▶ [PROMPT]: Exactly the lines from the one containing "PUYUNA Rubber Gloves,Rubber" through the end of the data, and nothing more, should be retyped; pictures stay out.

Source records:
• • • •
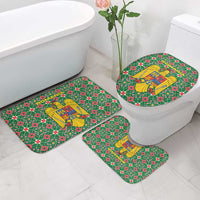Romania Christmas Bathroom Set with Green and Red Pattern Golden Eagle and Santa Motif - Wonder Print Shop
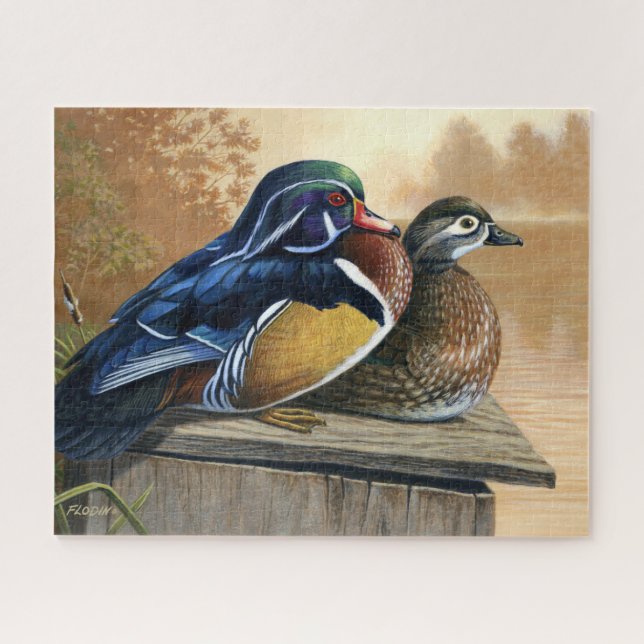 Puzzle Paire de canards en bois sur boîte de nidification (Horizontal)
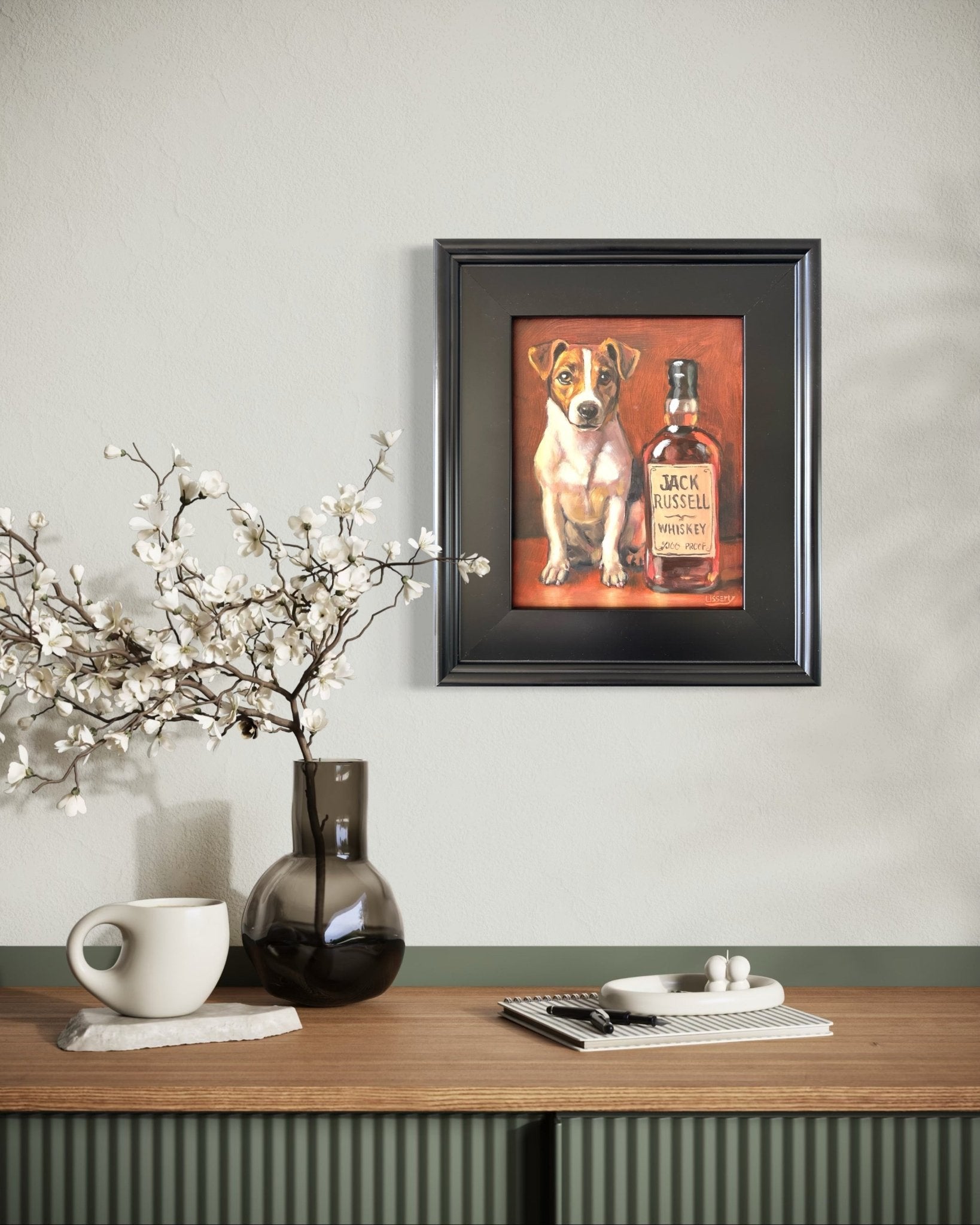 Jack Russell Whiskey – Original Oil Painting by David Ussery (8x10 Framed) - David Ussery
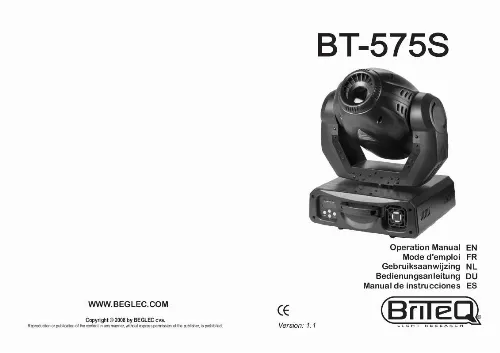 Mode d'emploi BEGLEC BT-575S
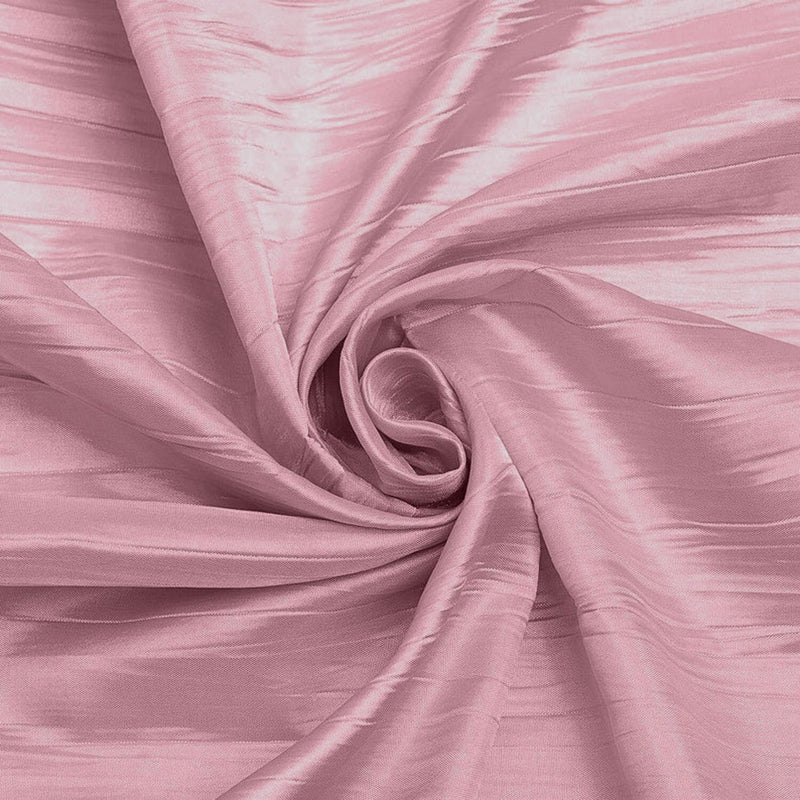 54" Crushed Taffeta Fabric - Rose Petal - Crushed Taffeta Creased Fabric Sold by The Yard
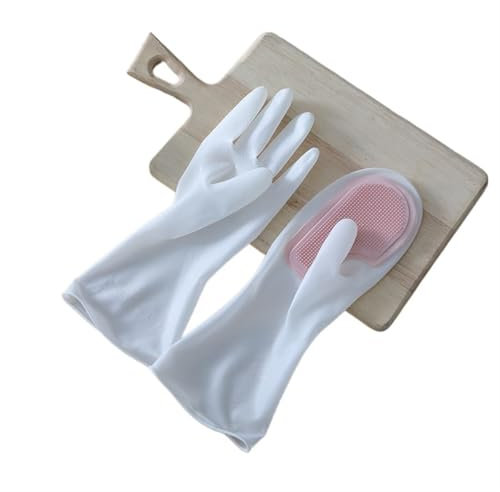 PUYUNA Rubber Gloves,Rubber Gloves 1 Pair 2-in-1 Silicone Dishwashing Gloves Reusable Rubber Gloves Home Kitchen Cleaning Tools Dishwashing Bathroom Car Dishwashing Gloves(Pink)(Pink)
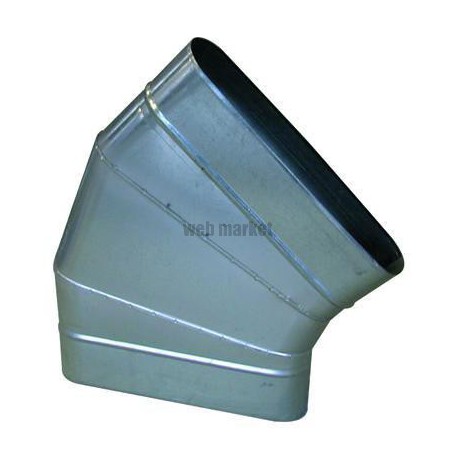 ALDES Coude horizontal oblong galvanisé CHO à 45° - L 850mm x H 265mm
• • • •
▶ [TASK ANSWER]:
 PUYUNA Rubber Gloves,Rubber Gloves 1 Pair 2-in-1 Silicone Dishwashing Gloves Reusable Rubber Gloves Home Kitchen Cleaning Tools Dishwashing Bathroom Car Dishwashing Gloves(Pink)(Pink)
 ALDES Coude horizontal oblong galvanisé CHO à 45° - L 850mm x H 265mm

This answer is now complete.